**Task**
No picture belongs in the copy. Repeat each line below exactly.

**Data to process**
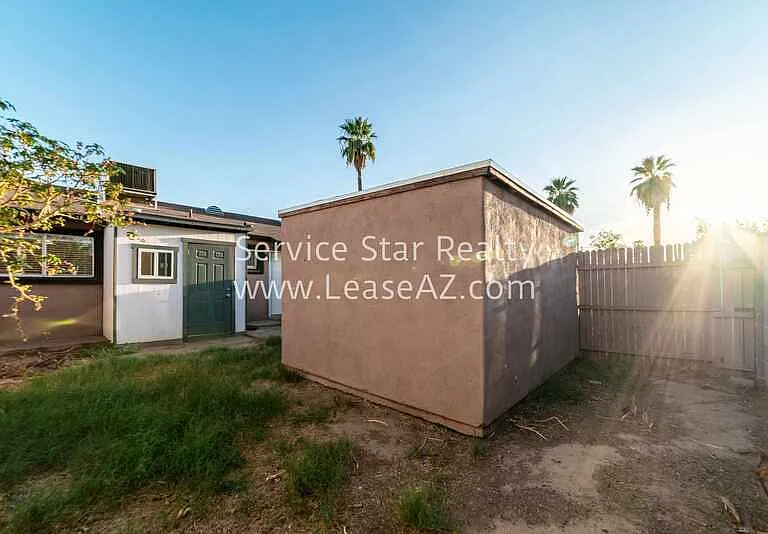 5460 W Palmaire Ave — Photo 20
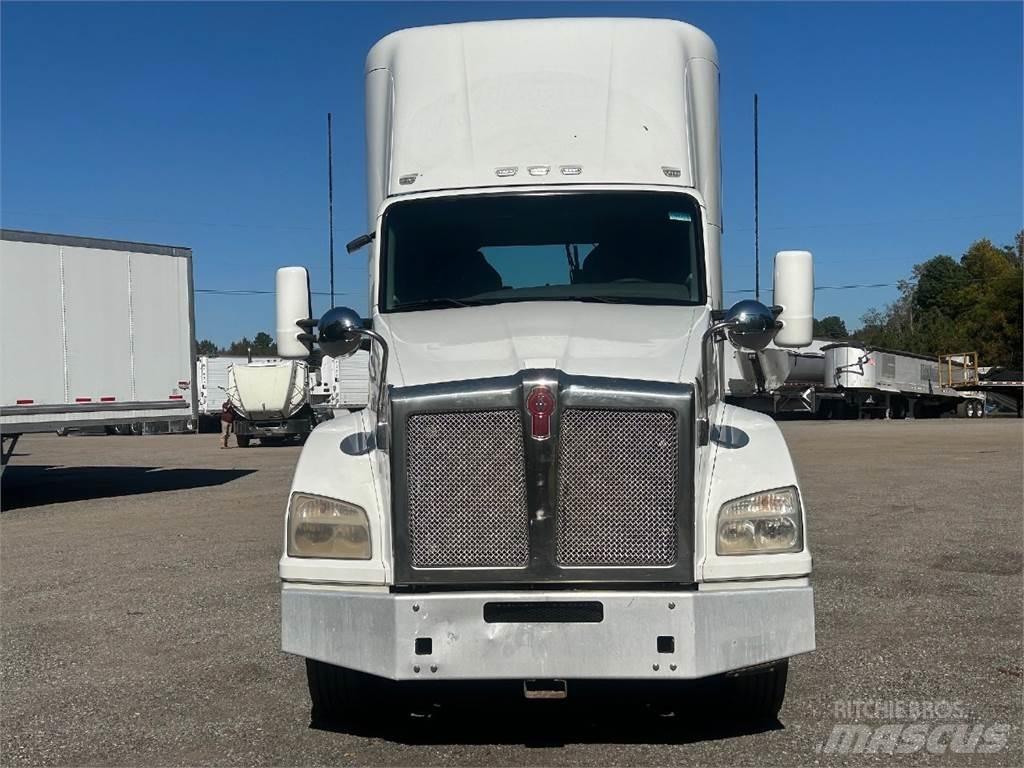 Kenworth T880 Autotractoare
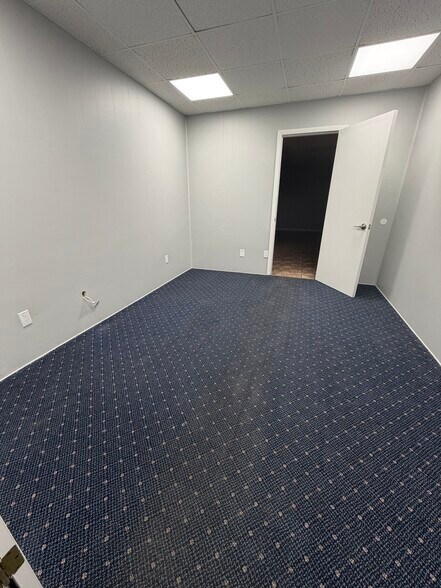 More Photos Of 555 Parque Dr, Ormond Beach Coworking Space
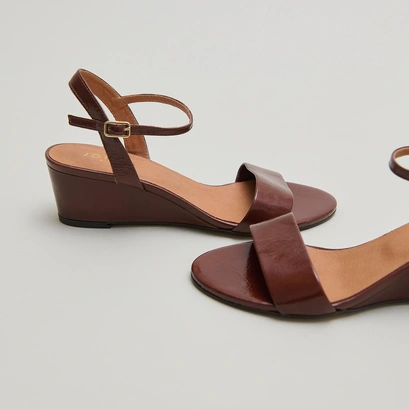 Wedge sandals in dark brown shiny leather | agrume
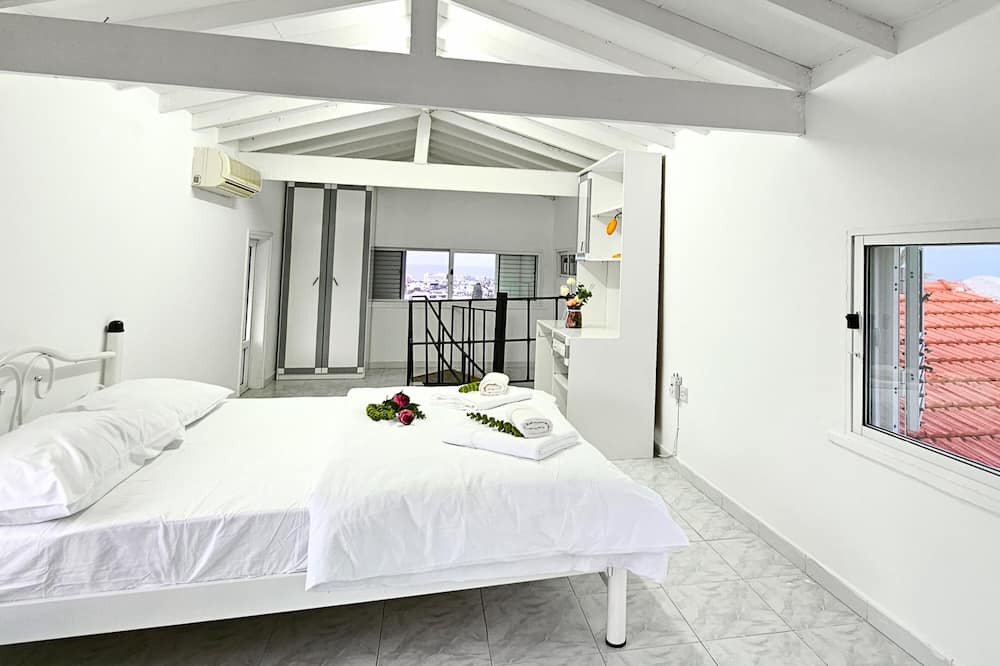 Photo of Bedroom in Karavas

**Exercise solution**
 5460 W Palmaire Ave — Photo 20
 Kenworth T880 Autotractoare
 More Photos Of 555 Parque Dr, Ormond Beach Coworking Space
 Wedge sandals in dark brown shiny leather | agrume
 Photo of Bedroom in Karavas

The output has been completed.